On Mon, Apr 11, 2011 at 12:37 PM, Robert Kern <robert.kern@gmail.com> wrote:
On Mon, Apr 11, 2011 at 13:54, Skipper Seabold <jsseabold@gmail.com> wrote:
> All,
> We noticed some failing tests for statsmodels between numpy 1.5.1 and
> numpy >= 1.6.0. These are the versions where I noticed the change. It
> seems that when you divide a float array and multiply by a boolean
> array the answers are different (unless the others are also off by
> some floating point). Can anyone replicate the following using this
> script or point out what I'm missing?
> import numpy as np
> print np.__version__
> np.random.seed(12345)
> test = np.random.randint(0,2,size=10).astype(bool)
> t = 1.345
> arr = np.random.random(size=10)
> arr # okay
> t/arr # okay
> (1-test)*arr # okay
> (1-test)*t/arr # huh?

|12> 1-test
array([1, 0, 0, 0, 1, 0, 1, 1, 0, 1], dtype=int8)

|13> (1-test)*t
array([ 1.34472656,  0.        ,  0.        ,  0.        ,
1.34472656,  0.        ,
       1.34472656,  1.34472656,  0.        ,  1.34472656], dtype=float16)

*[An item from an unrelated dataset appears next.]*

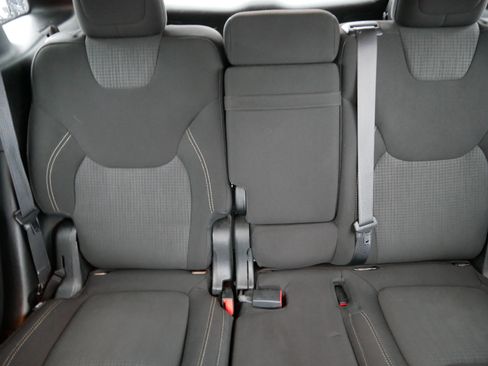 Used 2016 Jeep Cherokee Latitude w/ Cold Weather Group image 13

Some of the recent ufunc changes or the introduction of the float16
type must have changed the way the dtype is chosen for the
"int8-array*float64-scalar" case. Previously, the result was a float64
array, as expected.

Mark, I expect this is a result of one of your changes. Can you take a
look at this?

It's the type promotion rules change that is causing this, and it's definitely a 1.6.0 release blocker. Good catch!

I can think of an easy, reasonable way to fix it in the result_type function, but since the ufuncs themselves use a poor method of resolving the types, it will take some thought to apply the same idea there. Maybe detecting that the ufunc is a binary op at its creation time, setting a flag, and using the result_type function in that case. This would have the added bonus of being faster, too.

Going back to the 1.5 code isn't an option, since adding the new data types while maintaining ABI compatibility required major surgery to this part of the system.